Moss Park, from acclaimed Canadian playwright George F. Walker, makes its world premiere at Theatre Passe Muraille this month. It showcases Walker at his best: dark humour and serious social uncertainty all wrapped in a rapid one-act set. In Moss Park, we revisit Tina and Bobby from Walker’s 1993 play Tough!. It’s a few years later, they now have a daughter and are forced to deal with daily struggles, all while trying to retain and figure out their youth. Walker touches on weighty social issues, ranging from crime to poverty, whilst keeping a lighthearted tone. Tina and Bobby exchange friendly—and not so friendly—banter while dealing with the impending wrecking ball of adulthood that they are unable, and unwilling, to grasp fully.
Longtime Passe Muraille performer Haley McGee in the role of Tina joins Toronto theatre newcomer Graeme McComb as Bobby and the chemistry between the two is superb, almost to the point of discomfort. Their passion for each other reaches levels of intimacy that make you feel embarrassed to be sitting in the same room, sharing in these private moments. Just when you’re ready to look away out of decency, the tone shifts with one sly remark, and the entire audience is in an uproar.

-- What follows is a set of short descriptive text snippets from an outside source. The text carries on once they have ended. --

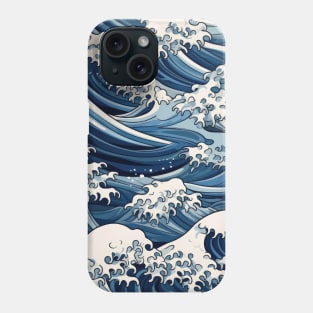 Ephemeral Crests: Hokusai Waves Reimagined Phone Case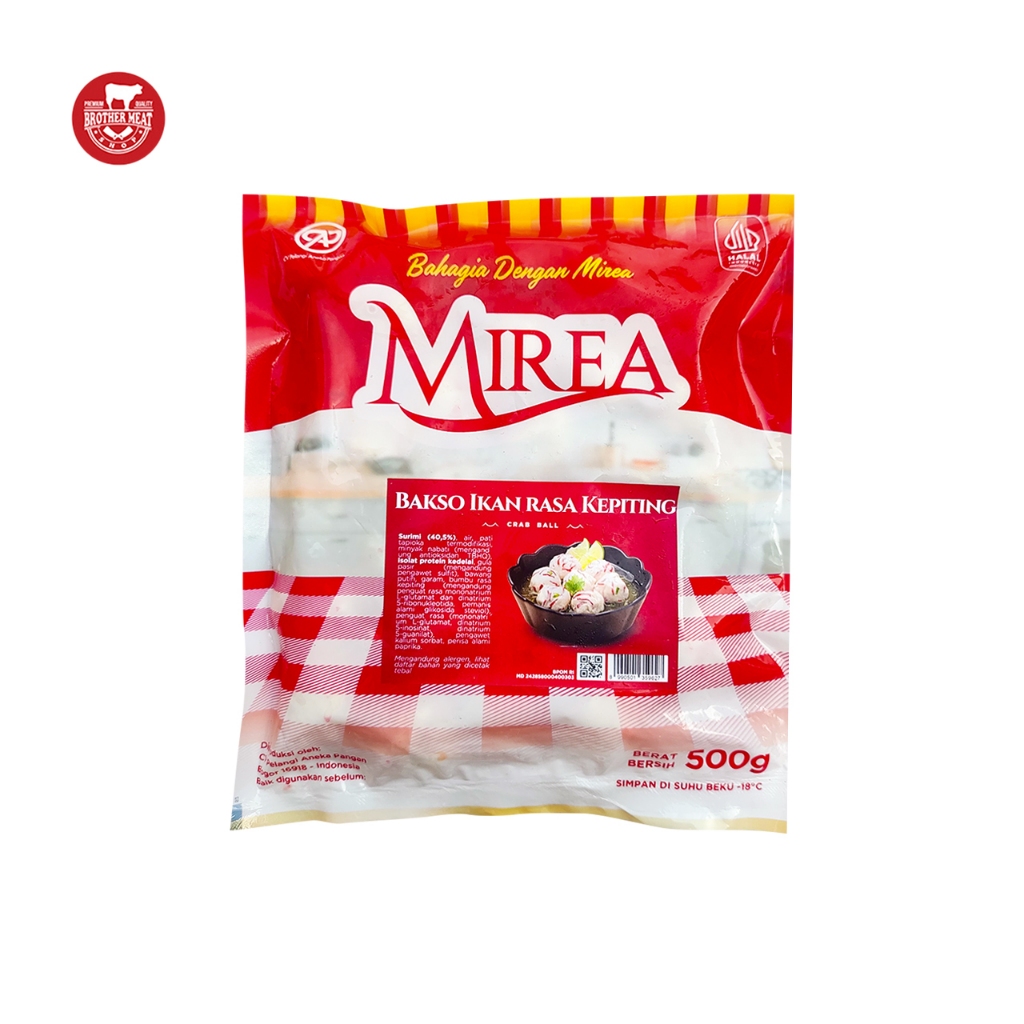 

Mirea Bakso Ikan Rasa Kepiting, Olahan Seafood - Brothermeatshop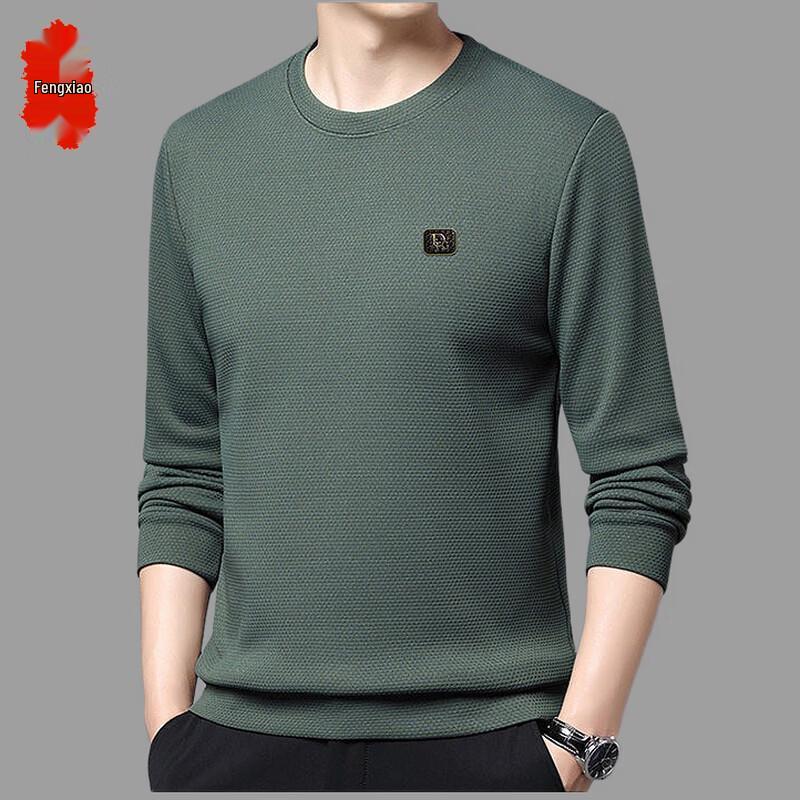 Fengxiao Men s Autumn Winter Crew Neck Sweatshirt L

With set and lighting design by Martin Conboy and sound design by Julie McCann, the famous Toronto park where Tina and Bobby meet to sort out their problems comes alive on the stage. Leaves, in a myriad of colours, are strewn against a backdrop filled with broken wood skids and plenty of garbage. If this were a dark alleyway at night, you would probably be avoiding it. Along with police and emergency sirens blaring down an imaginary Queen Street, the atmosphere matches the issues that Tina and Bobby worry about. Whether they are working out Bobby’s unemployment woes, or trying to formulate a plan for the future that is right for their young daughter, the setting on the stage illustrates these problems effectively.
Moss Park is a clever, fast-paced comedy that takes the most important social issues young people may tackle in a big city and plainly sets them out for everyone to see. If you are young, were young, or know anyone who is, Moss Park is going to feel remarkably familiar.
Moss Park is playing at Theatre Passe Muraille from now until November 16, 2013. Ticket prices range from $20-$35 (including discounts from students, seniors, and groups) and can be purchased online at www.passemuraille.on.ca.